**Action item:**
Pictures must not appear in the copy. Restate exactly the lines below from the one with "Zestaw dwóch drewnianych" through the one with "a bedroom with", inclusive.

**Given data:**
• • • • • • •
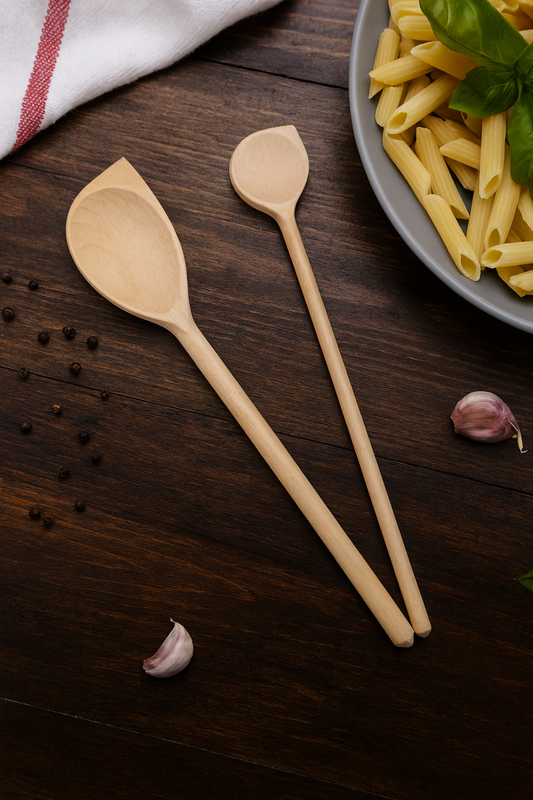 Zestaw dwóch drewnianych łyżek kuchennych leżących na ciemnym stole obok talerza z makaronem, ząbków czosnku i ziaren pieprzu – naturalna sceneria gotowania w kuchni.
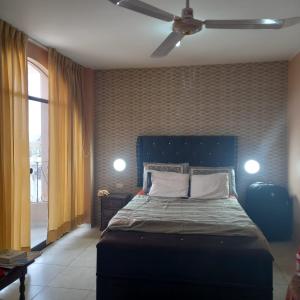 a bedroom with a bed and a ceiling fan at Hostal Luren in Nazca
• • • • • • •
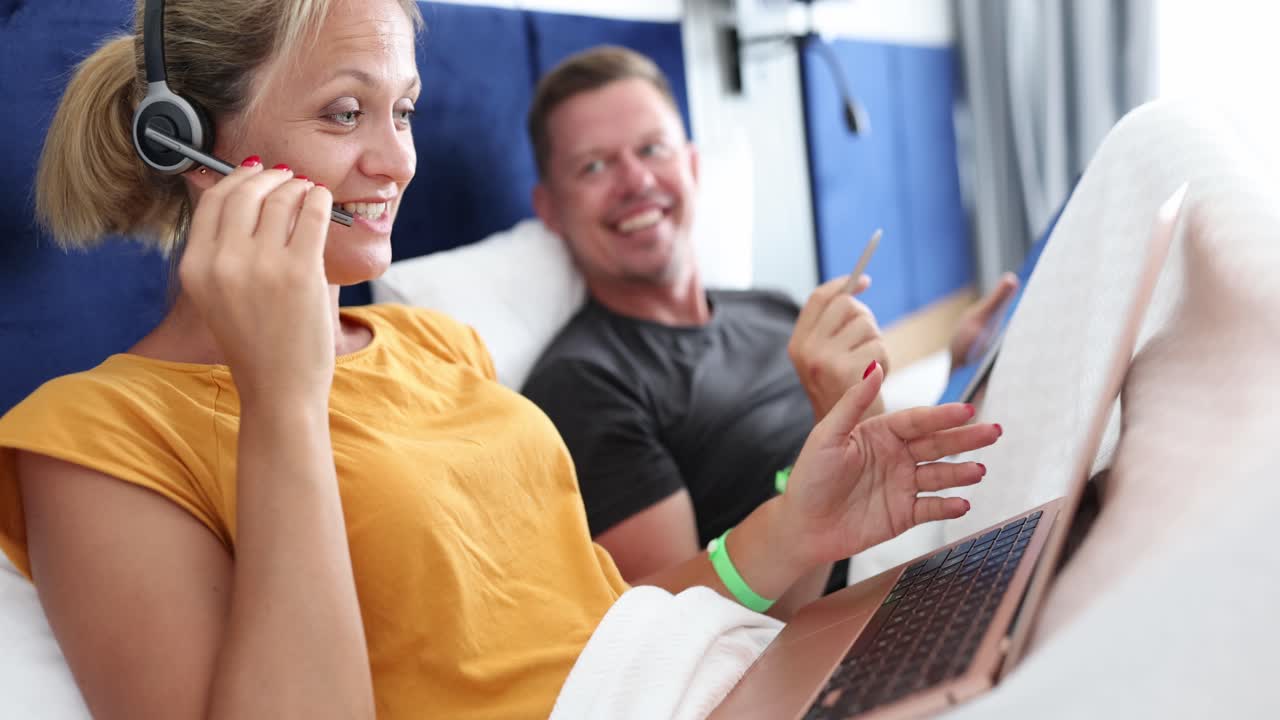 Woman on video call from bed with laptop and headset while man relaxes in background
• • • • • • •
**Answer box:**
 Zestaw dwóch drewnianych łyżek kuchennych leżących na ciemnym stole obok talerza z makaronem, ząbków czosnku i ziaren pieprzu – naturalna sceneria gotowania w kuchni.
 a bedroom with a bed and a ceiling fan at Hostal Luren in Nazca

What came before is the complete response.